O simples coração de Flaubert
Acabo de ler um conto escrito em 1877 por um dos grandes nomes do Realismo francês. A obra primorosa Um coração simples narra uma existência tão sutil e complexa, que se não fosse trazida ao centro das atenções por Flaubert deixaríamos escapar a Felicidade. A protagonista é tão intensa e afetuosa quanto sem voz e nebulosa. Felicidade tem uma vida inteira de perdas, tristezas e sofrimentos o que distancia sua realidade da ideia que traz seu nome motivado.
Ela é criada por terceiros depois da morte dos pais, expulsa da casa onde foi empregada por um furto que não cometeu e aos dezoito anos deposita toda a sua esperança em um possível casamento que não acontece. Assim, resolve sair de casa e trabalhar para a decadente Senhora Aubain sendo uma serviçal invejável, trabalhando muito e de forma automática. Depois dos cinquenta não aparentava ter nenhuma idade, prova de sua existência imperceptível. E quem nunca ouviu que a felicidade é tão simples que por vezes a deixamos escapar?

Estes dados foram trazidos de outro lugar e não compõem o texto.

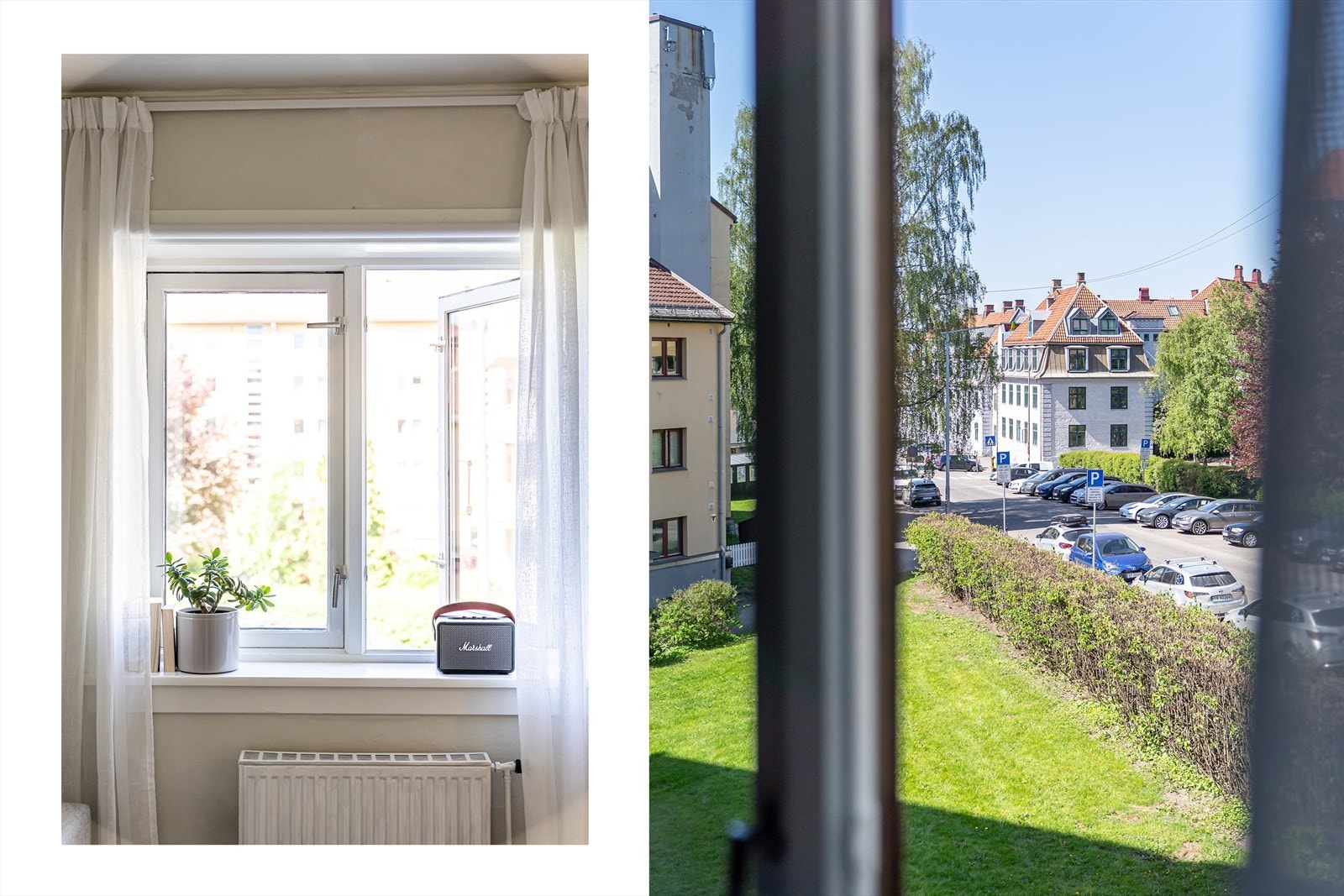 Leiligheten har en svært god planløsning med store vindusflater og en god intern beliggenhet. Galleribilde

Felicidade perde o sobrinho marinheiro que falece em uma viagem, perde a companhia dos filhos da Senhora Aubain por quem tem veneração e através de quem absorve a pouca educação que tem. Ela vive e aprende por intermédio de terceiros e se como a Macabéa de Clarice tem alma rala, também como ela tem um coração singelo. Ela é um dia de rouquidão, não teve direito de gritar.
Ao perder qualquer motivo de felicidade, ela se apega ao papagaio Lulu, a quem direciona sua devoção e, após sua morte, sua religiosidade, empalhando o animal e guardando-o como símbolo sagrado.

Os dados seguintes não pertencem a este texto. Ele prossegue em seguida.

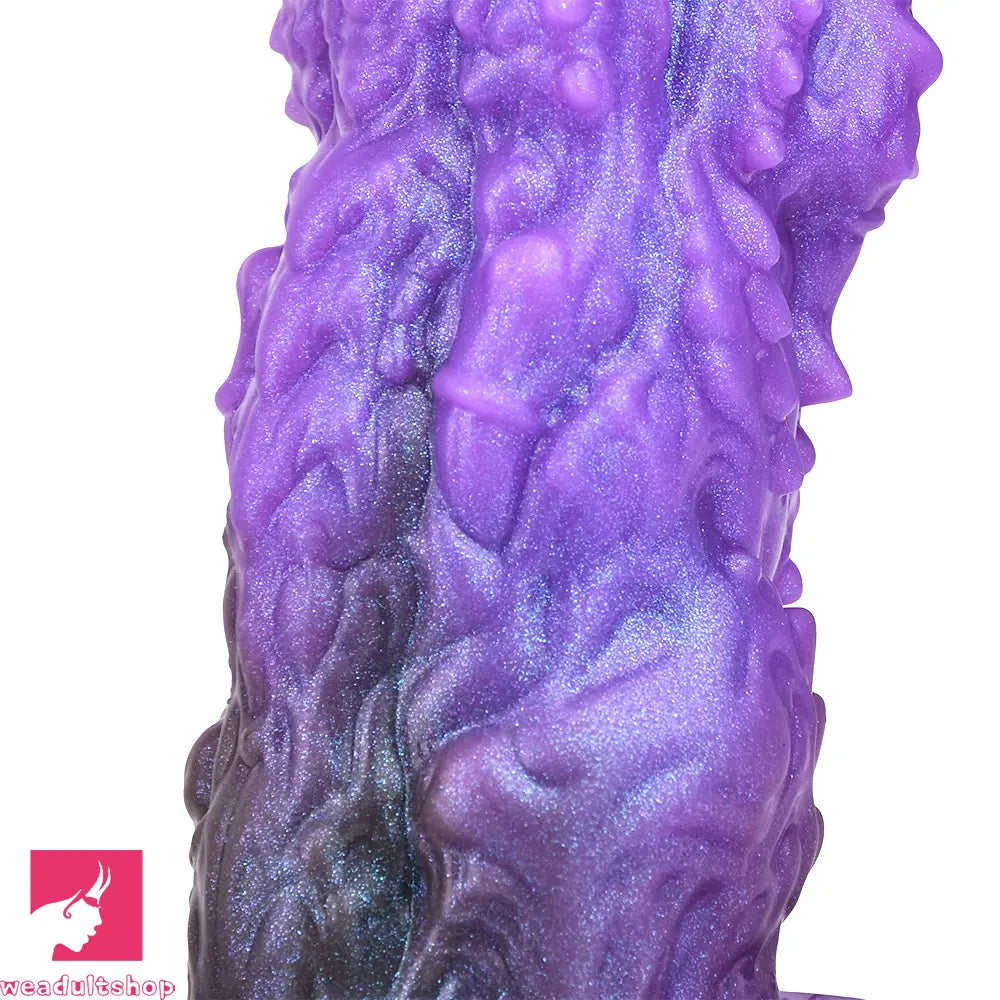 5.62in Dragon Beast Creature Odd Hollow Dildo Sleeve With Penis Ring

Até o final ela é inacessível ao autor que abusa das descrições como se quisesse abordá-la de surpresa. Persegue-a sem sucesso. Ela escapa. Escapa como as borboletas escapam do armário de Virgínia depois de sua morte. Escapa como as pessoas que saíram de sua vida subitamente. Na hora de sua morte, ao ver Lulu, único ser que espiritualiza, ela escapa de vez, envolvendo-se em dourado. Esvai-se como perfume. Leva consigo uma tentativa de efeito de real. O real dos olhos endurecidos e anônimos que passam por nós todos os dias e que também nos escapa. O real da vida simples. Simples como a felicidade que não apreendemos.